There is plenty of public data provided by various governing bodies that you can access yourself. One such dataset is Crime reporting data, provided by https://data.police.uk/.
However, this data does not always come in a format that makes for easy analysis with Tableau. This data is given to us in the form of an individual file for each month, so these files must be unioned before any analysis can be done.
Another issue with public data is that it often comes from multiple sources. For example, you may want to analyse Crime rates and see how they compare to population and/or poverty rates but these other statistics come from elsewhere, https://www.nomisweb.co.uk/ and https://www.ons.gov.uk/ respectively. These data sources also have similar issues in that they are not ready for analysis 'out of the box'
Here is a quick look at how these 3 datasets look like
Fortunately, we have Tableau Prep Builder that can do the heavy lifiting for us, we just need to tell it what to do.
Let's tackle each dataset one at a time
UK Crime Data
Let's handle how we deal with multiple files
When you input the file, you can have the option to select multiple files. We want to use a Wildcard union which will 'stack' each file on top of each other. In the image below, you'll see a 2020*. the * indicates that it will look for any file that begins with 2020 in whatever folder you point Tableau Prep to.
That's all we need to do here to collect all the files into one. Very simple and much better than Ctrl C, Ctrl V
We then need to clean the data. Fortunately there isn't much to do here but the main things that we want to do is extract our date from our filepath/filename and extract our MSOA code from LSOA as we'll use this alter to join our data
Tableau Prep will pull in the filepath when you perform a Wildcard Union. We can split the '2020-month' from this and turn it into a date.
We then remove any unwanted fields.
Poverty Rate Data
As we saw above, there are a lot of useless 'header' rows in the data that need to be removed. As the data comes in .xlsx format, tableau prep has a Data Interpreter that can automatically remove these rows.
Once removed the main thing here is to convert the numbers into decimal percentages (i.e. 14% becomes 0.14). We are doing this as it is more useful for calculations and Tableau is able to change the default number property to percentage so that the number displays in a more human friendly way.
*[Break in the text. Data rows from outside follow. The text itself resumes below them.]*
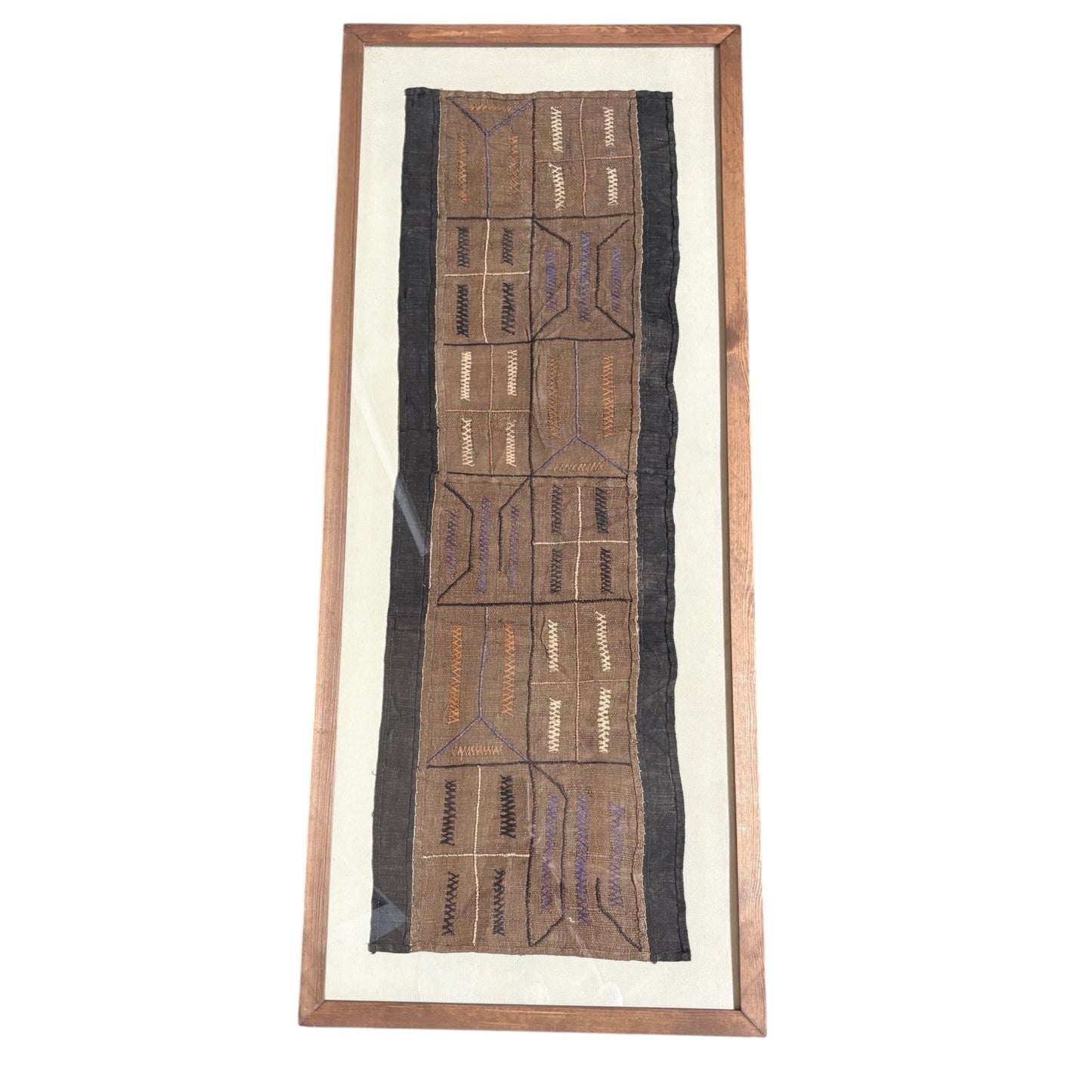 A framed African tribal textile wall hanging with geometric embroidered patterns in brown, black, and purple on a cream background, enclosed in a wooden frame.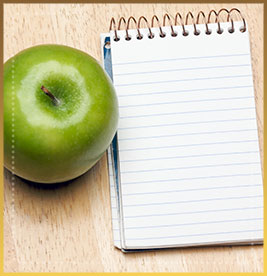 Notebook and apple on wood background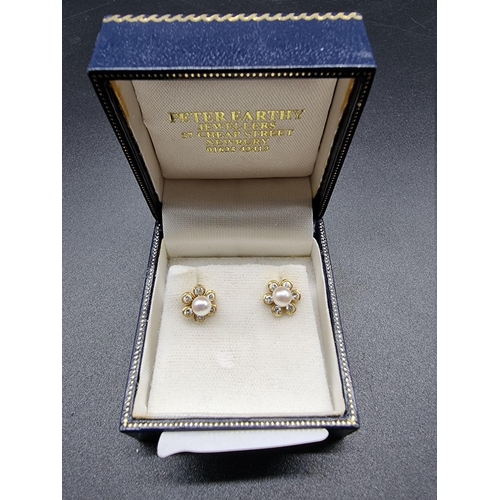 708 - A pair of 18ct gold floral ear studs, set central pearl surrounded by six diamonds, 9mm diameter, gr... 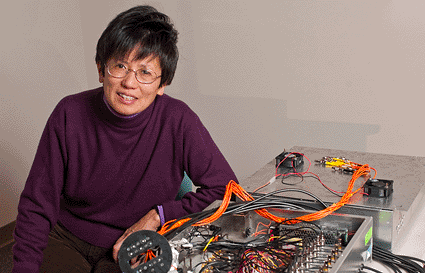 Image: Quing Zhu, professor of electrical and computer engineering, with her device for early detection of breast cancer lesions (photo courtesy of Peter Morenus).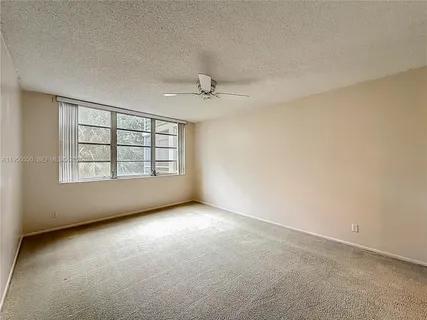 a bathroom with a double vanity sink and mirror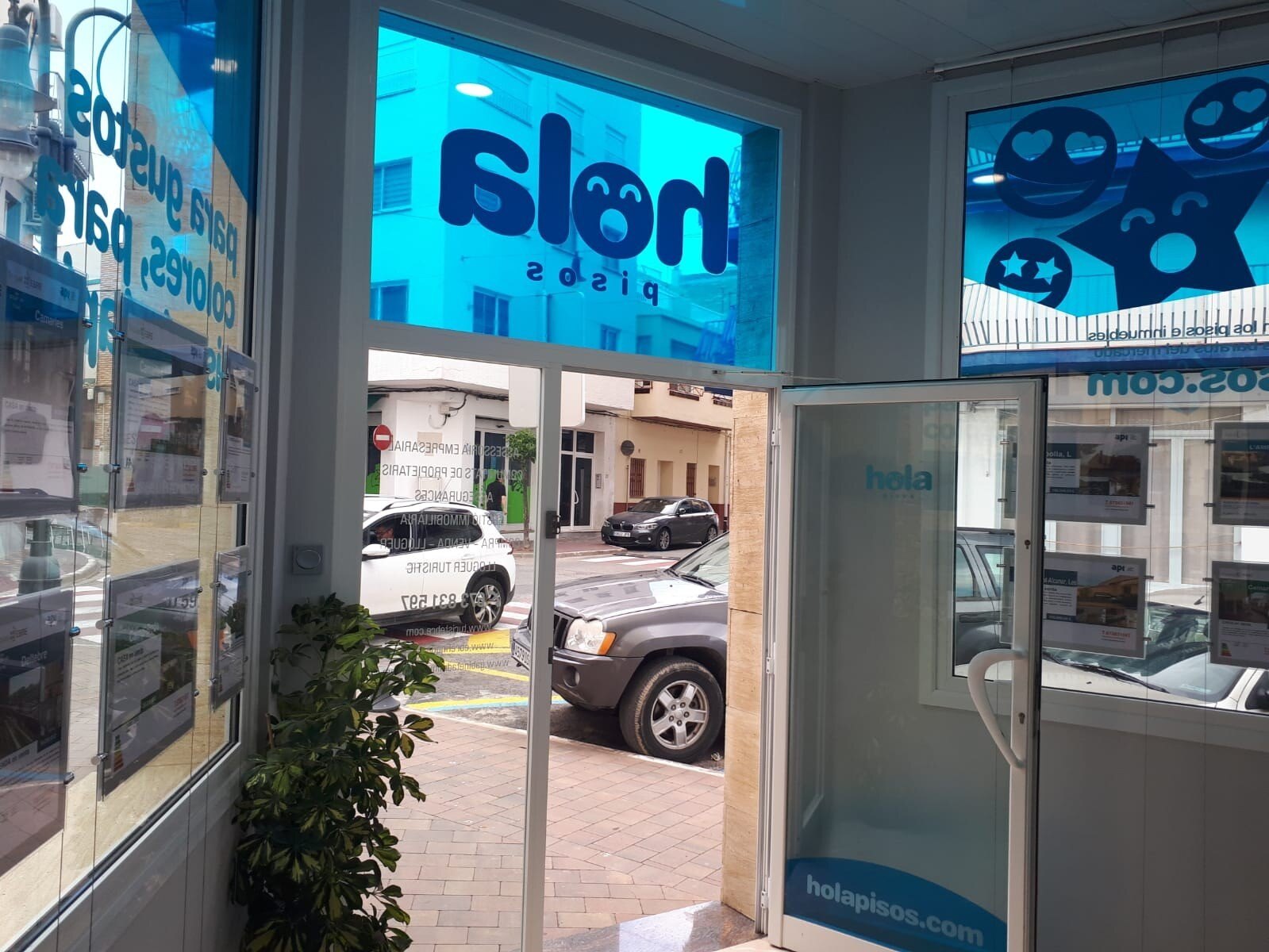 The entrance to a Hola Pisos office seen from inside, with the logo on the glass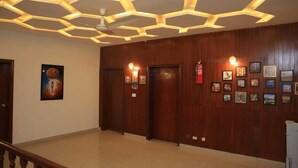 A lobby with wooden panel walls, hexagonal ceiling lights, and framed artwork. - Travel Lodge Islamabad F-8 (Islamabad)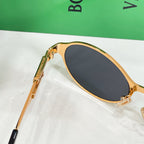 Gold-tone round sunglasses with dark tinted lens and branded temple detail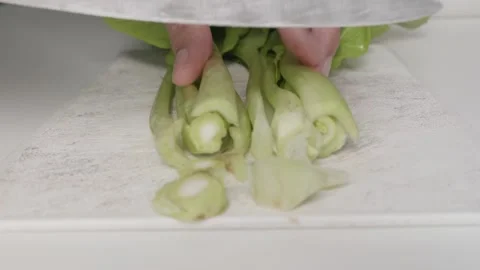 Use a vegetable knife on a plastic cutting board to prepare healthy or vegeta Stock-Footage 168519386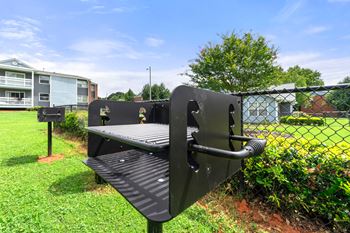 a bench in a park next to a chain link fence at 445 Cleveland, Georgia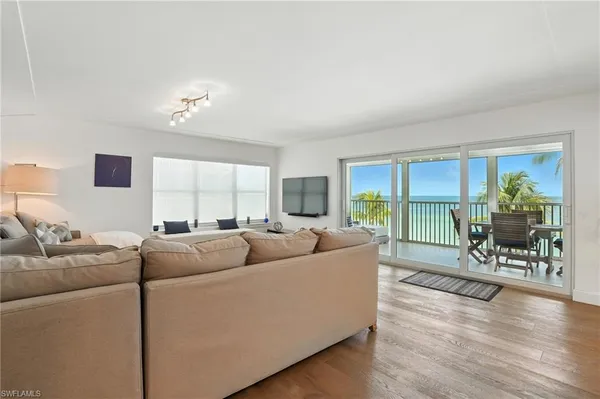 a living room with furniture and a wooden floor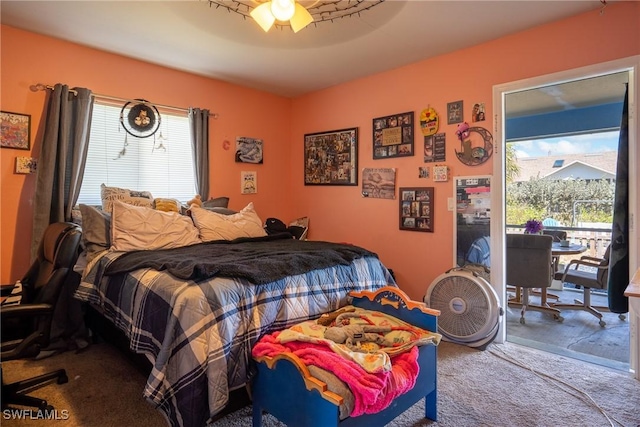 bedroom featuring access to outside, carpet, and a ceiling fan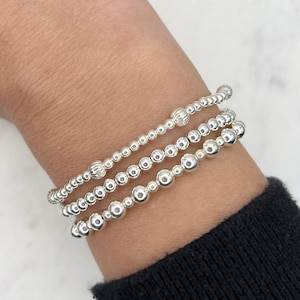 May include: Three silver beaded bracelets stacked on a wrist. The bracelets are made of small, round beads with a slightly textured surface.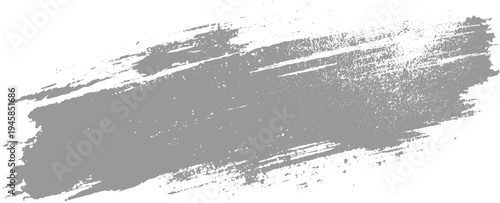 Grey textured brush stroke with rough edges and speckled detail on white background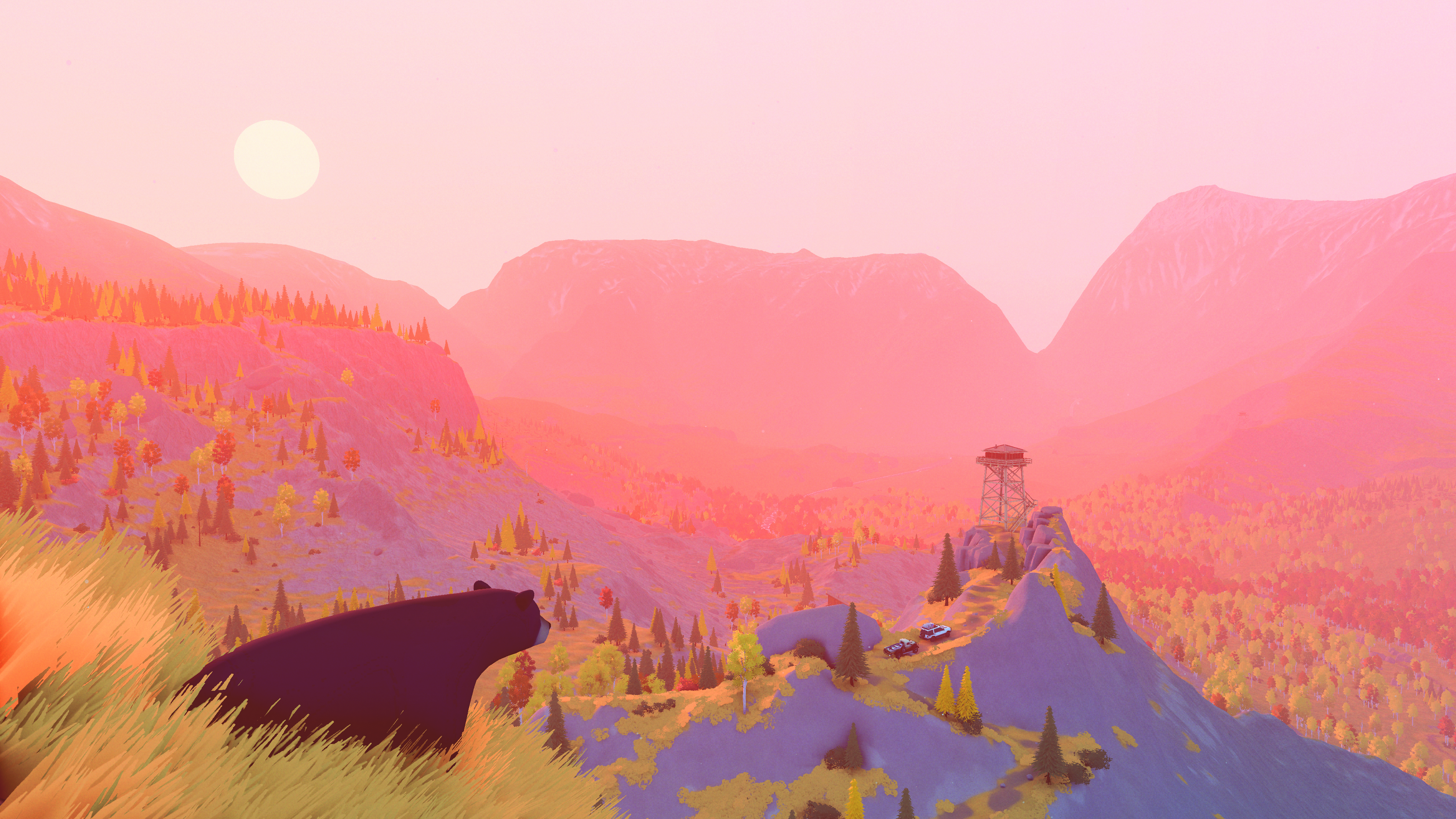 A bear stands in the foreground above two vehicles near a lookout tower in a pink sunset valley.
We do this by making a calculated field
Joining Crime Data and Poverty Data
Previously we extracted our MSOA code from LSOA. We did this so that we have a common joining field in our crime and poverty data.
We perform a left outer join here. This means that it will join all the poverty data where there is an applicable MSOA code. It also means that any crimes without a location are still captured by the join so we don't lose any of our crime data.
We perform a final clean to remove any duplicated fields from the join. We then output to a Tableau hyper file, so that it can be used directly in Tableau
Population Data
The data comes in an individual file for each age group (although there is the option to get a summary file without age groups). We again use a wildcard union to stack the data together.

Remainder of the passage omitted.